Was my desired outcome from blogging to be known? No, or certainly not knowingly, my desire has always been to create a wonderful treasury of memories of my kids growing up whilst also demonstrating that Christians are regular, imperfect people too and hopefully inspiring a few people to investigate their own beliefs and faith further.
I've come to the conclusion that my season as a prominent parenting blogger has come to a natural end. There are now tens of thousands of parenting blogs and it is very different to how it was three or four years ago when I was running a mega linky, speaking at conferences, being a finalist in all sorts of award categories, trawling BritMums for the new bloggers and encouraging them all and travelling abroad working with charities.
As a Christian we often talk of seasons and the bible says -
"There is a time for everything, and a season for every activity under the heavens:
a time to be born and a time to die,
a time to plant and a time to uproot,
a time to kill and a time to heal,
a time to tear down and a time to build,
a time to weep and a time to laugh,
a time to mourn and a time to dance,
a time to scatter stones and a time to gather them,
a time to embrace and a time to refrain from embracing,
a time to search and a time to give up,
a time to keep and a time to throw away,
a time to tear and a time to mend,
a time to be silent and a time to speak,
a time to love and a time to hate,
a time for war and a time for peace." (Ecclesiastes 3:1-8 NIV)
I don't believe my blogging season is over, no way.

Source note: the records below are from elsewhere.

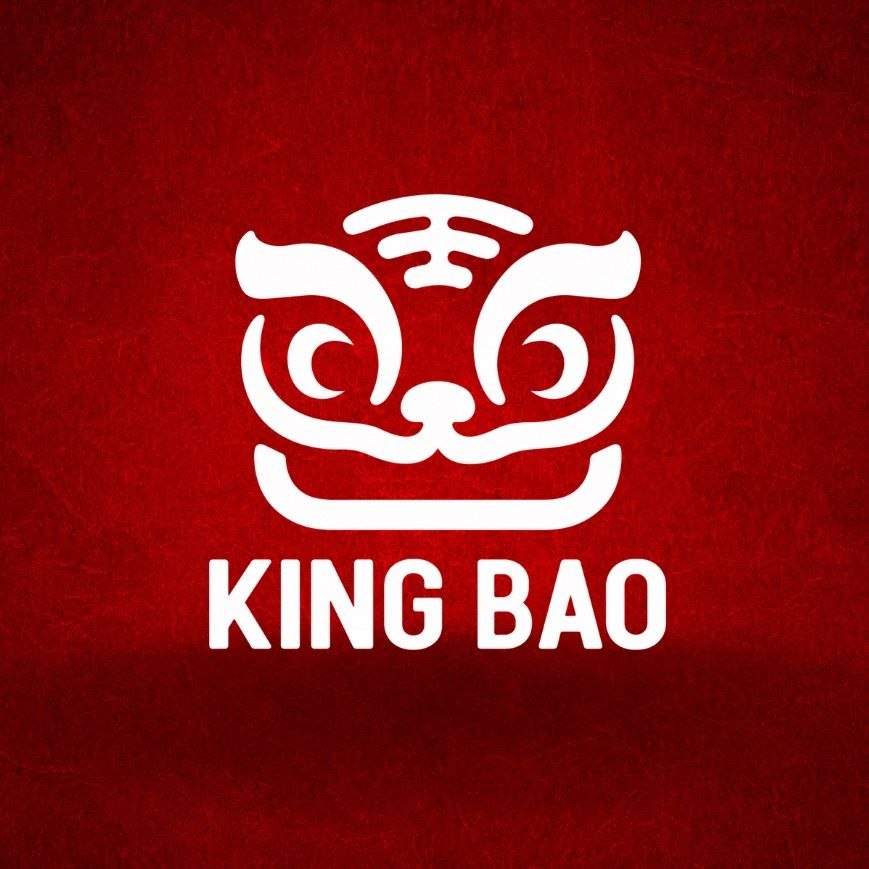 King Bao logo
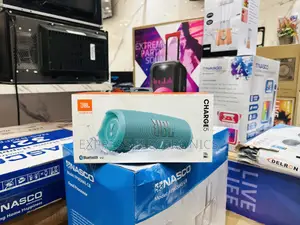 Rhythmring Bluetooth Speaker JBL Charge 5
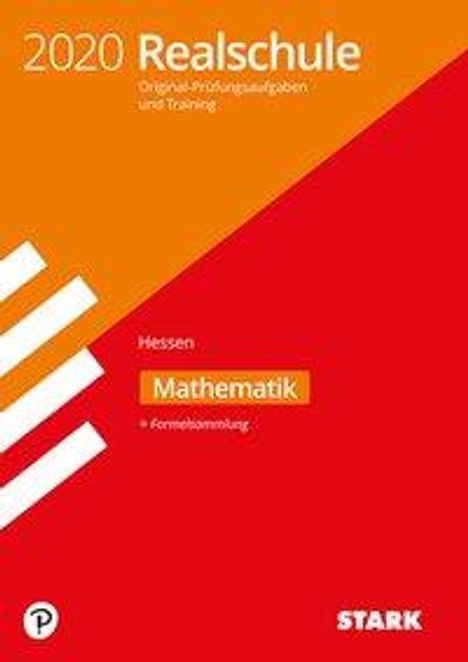Original-Prüfungen +Training RS 2020 - Mathe/HE, Buch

It brings me far too much joy and besides God has made it quite clear to me that I am to continue waxing lyrical about my love for him and his awesome effect on my life. What has come to an end is my need to be one of the big bloggers. It is OK when I am at a conference and the person I am speaking to has never heard of me or my blog.

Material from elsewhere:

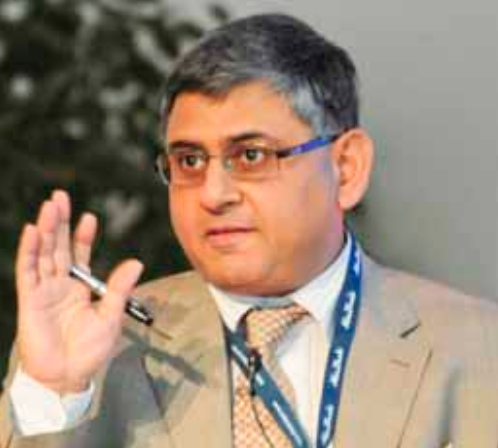 N Sukul IDAS, has been appointed as OSD in NCM Government of India.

For years I have struggled with pride and since moving to East Sussex two years ago the Lord has been stripping away all the things that feed my pride - my paid work, my earnings, my title, my influence on people and now too he is stripping away my sense of being known and bigged up within the parent blogging community.
Of course I still need to be known, we all have that desire but now what I seek is to be known by the Father and by my family, friends and community. They can keep me accountable and real, grounded in his word and all that is true for me as a Christan, because as I have said before, following Jesus is what is most important in my life. That is the key that will change everything.
But still I am only human and it did make me smile when I noticed Julie (Mama Owl) had mentioned me as her blogging hero. She went on to talk about me helping and supporting her in the early days and it is true, that is what I loved to do. I still do.
Some of the writers I featured in the three years I ran the New Bloggers Fortnight are now super successful uber bloggers and I am so pleased to have been with them on their journey since the early days. So now it is time to acknowledge that it is good to allow others to be the supportive blogger, the one coaching new bloggers and helping them in their early journey. I forgot that what I have been doing is paying it forward, I can't keep being the mentor forever but I can smile when I look at the success of those bloggers that I helped early on. I can feel joyful when I see them helping others and being hailed as blogging heros, as maybe they wouldn't have been quite so giving and helpful to others if people like me had not modelled that willingness to give, without reward in the first place.
Bloggers really are an awesome bunch in the main and I am so glad to be one of them.